__DATASET EXTRACT__
[Start of section]

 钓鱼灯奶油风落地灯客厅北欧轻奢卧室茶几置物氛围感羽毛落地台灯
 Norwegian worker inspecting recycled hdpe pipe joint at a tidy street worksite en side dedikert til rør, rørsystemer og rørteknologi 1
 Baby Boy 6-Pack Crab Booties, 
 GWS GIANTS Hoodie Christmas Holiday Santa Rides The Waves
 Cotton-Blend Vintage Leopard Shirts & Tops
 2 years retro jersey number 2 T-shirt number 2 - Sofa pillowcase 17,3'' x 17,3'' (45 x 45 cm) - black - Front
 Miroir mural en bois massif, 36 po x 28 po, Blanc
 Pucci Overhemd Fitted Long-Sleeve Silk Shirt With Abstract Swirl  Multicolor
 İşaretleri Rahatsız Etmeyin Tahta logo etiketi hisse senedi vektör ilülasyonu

[End of section]
[Start of section]

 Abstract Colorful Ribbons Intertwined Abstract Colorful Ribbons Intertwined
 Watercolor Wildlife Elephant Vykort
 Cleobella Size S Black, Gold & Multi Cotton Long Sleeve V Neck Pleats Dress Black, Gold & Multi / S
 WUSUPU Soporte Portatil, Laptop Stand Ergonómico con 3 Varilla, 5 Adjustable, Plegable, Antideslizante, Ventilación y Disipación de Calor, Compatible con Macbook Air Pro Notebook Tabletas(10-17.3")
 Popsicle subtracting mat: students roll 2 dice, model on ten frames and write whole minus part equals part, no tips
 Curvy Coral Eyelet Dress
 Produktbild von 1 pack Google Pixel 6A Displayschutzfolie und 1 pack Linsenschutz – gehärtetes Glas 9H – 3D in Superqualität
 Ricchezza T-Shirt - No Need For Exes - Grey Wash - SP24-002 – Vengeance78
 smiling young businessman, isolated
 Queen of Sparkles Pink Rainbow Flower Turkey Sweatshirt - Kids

[End of section]
[Start of section]

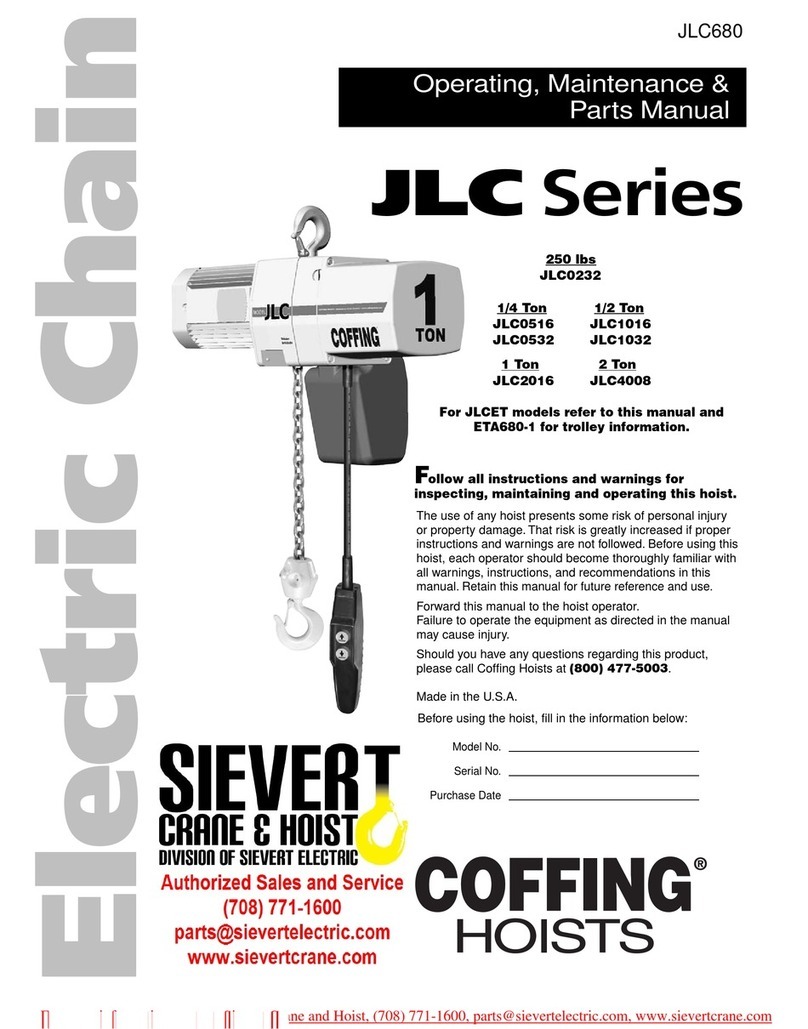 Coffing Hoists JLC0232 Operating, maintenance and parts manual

[End of section]

__WHAT YOU ARE ASKED TO DO__
The answer must be a single number: how many lines in the data above contain the string "Cotton".

__REPLY__
2